Proactive vs Reactive Learning Strategies


The Benefits

The pay-off of a blended approach is a much greater likelihood of impact in comparison to isolated learning activities. It is cost-effective, efficient, reduces carbon footprints and delivery is often close to the work effort. Our experience is that it can be genuinely transformational.


In the LawNet example, we ran two programmes for a total of 33 participants from 12 firms. Feedback confirmed that participants were able to use what they had learned about their own behavioural preferences in the project-work. The project sessions produced valuable proposals including a digital service to capture, analyse and record due diligence data in mergers and acquisition work; to methods to improve time-recording; to a pro bono initiative to support business growth using online resources. In each case participants demonstrated how proactive communication could deliver increased business value.

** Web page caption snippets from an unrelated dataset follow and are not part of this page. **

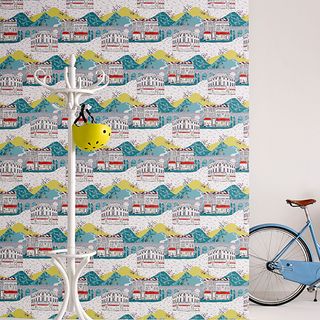 room with wallpaper and cycle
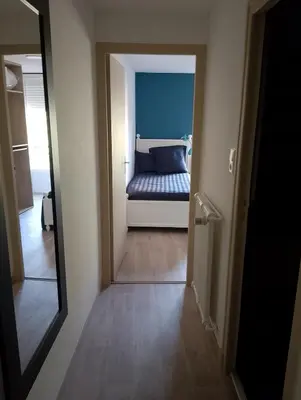 Un ou plusieurs lits dans un hébergement de l'établissement Appartement proche de la Mairie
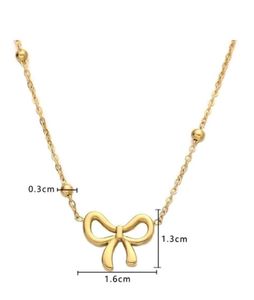 Gold Bow Pendant Necklace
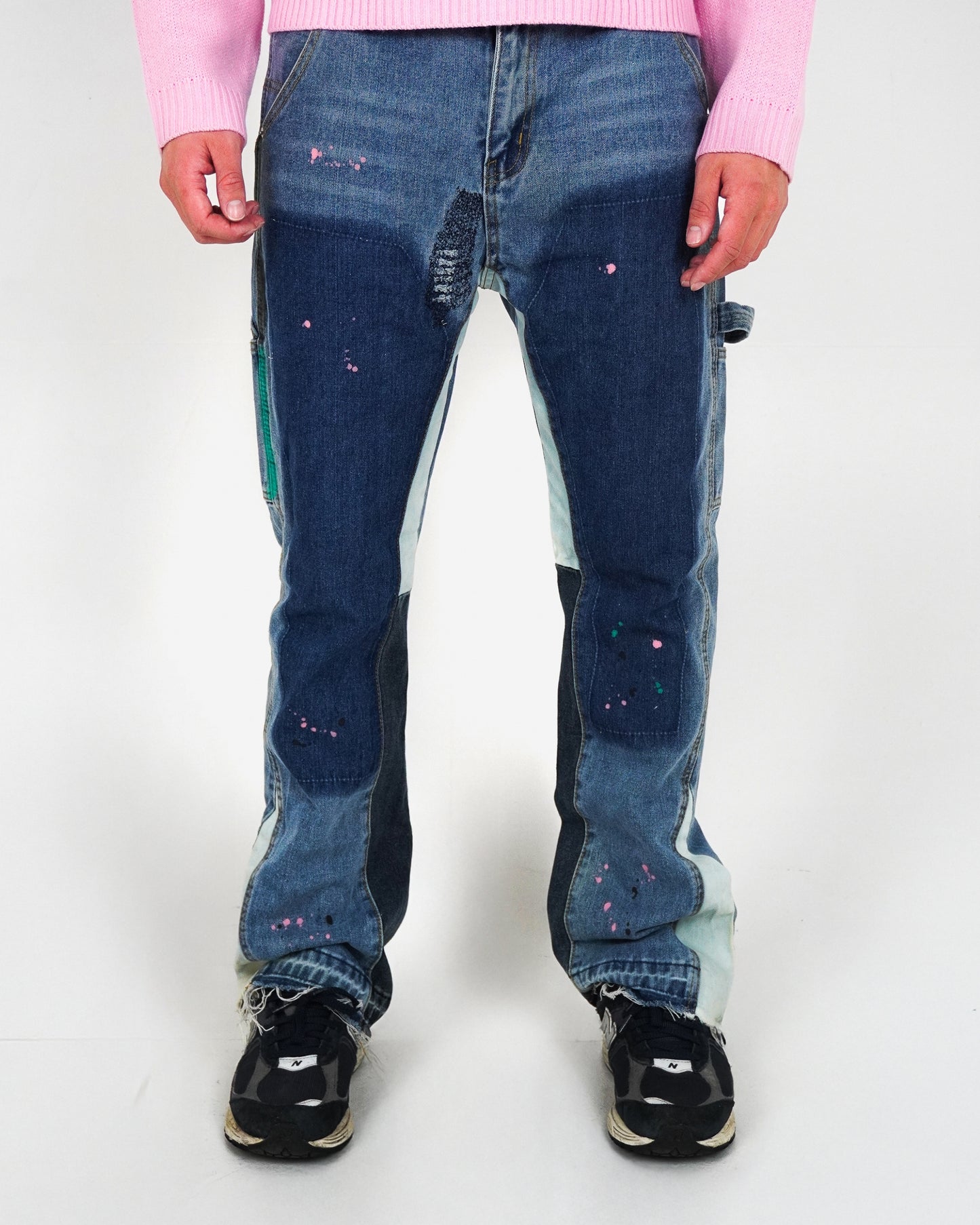 Person wearing distressed blue jeans with colorful paint splatters and black sneakers.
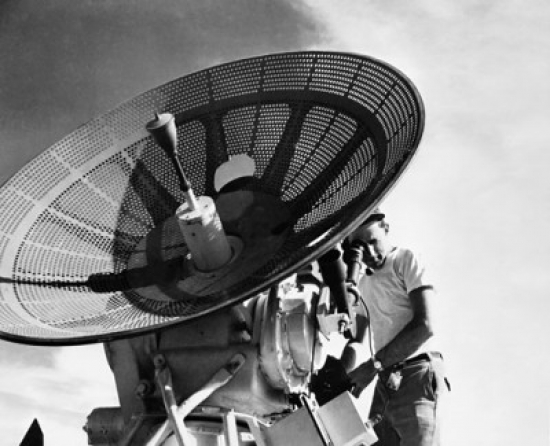 Engineer Operating a Radar Antenna Poster Print - 18 x 24 in.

Using a blended methodology, we were able to help participants to develop three core abilities:


1. Demonstrable awareness of self and impact on others


2. The ability to collaborate on a project of business value


3. Engagement with the changing dynamics of the legal market


At the outset of the programme, participants were almost completely unaware of the potential for change in the legal sector. In a reflective exercise at the conclusion of the programme, we asked participants to tell us how they were feeling about the impact of digital transformation in the legal sector. Unsurprisingly, there was a mix of emotions!


Ways of achieving a learning outcome


Blended Learning and the Autonomous Learner

It is fashionable to suggest that ideally people should be offered a variety of opportunities to learn and allowed to exercise their curiosity and use their initiative to meet their learning needs. It might involve blended design, or not. It could be terrific, if it is a genuine offer.


In order to track learning at an organisational level, a fairly sophisticated Learning Experience Platform is required. More importantly, without a budget and time, and a cultural expectation of engagement with learning, the offer looks like additional pressure to me. Some people love to learn and will do so come hell or high water. Most people focus on what is in front of them, which is usually the task and the target.


High quality, high impact continuous learning is going to be a vital source of energy and capacity as we make our way through uncertain and difficult times.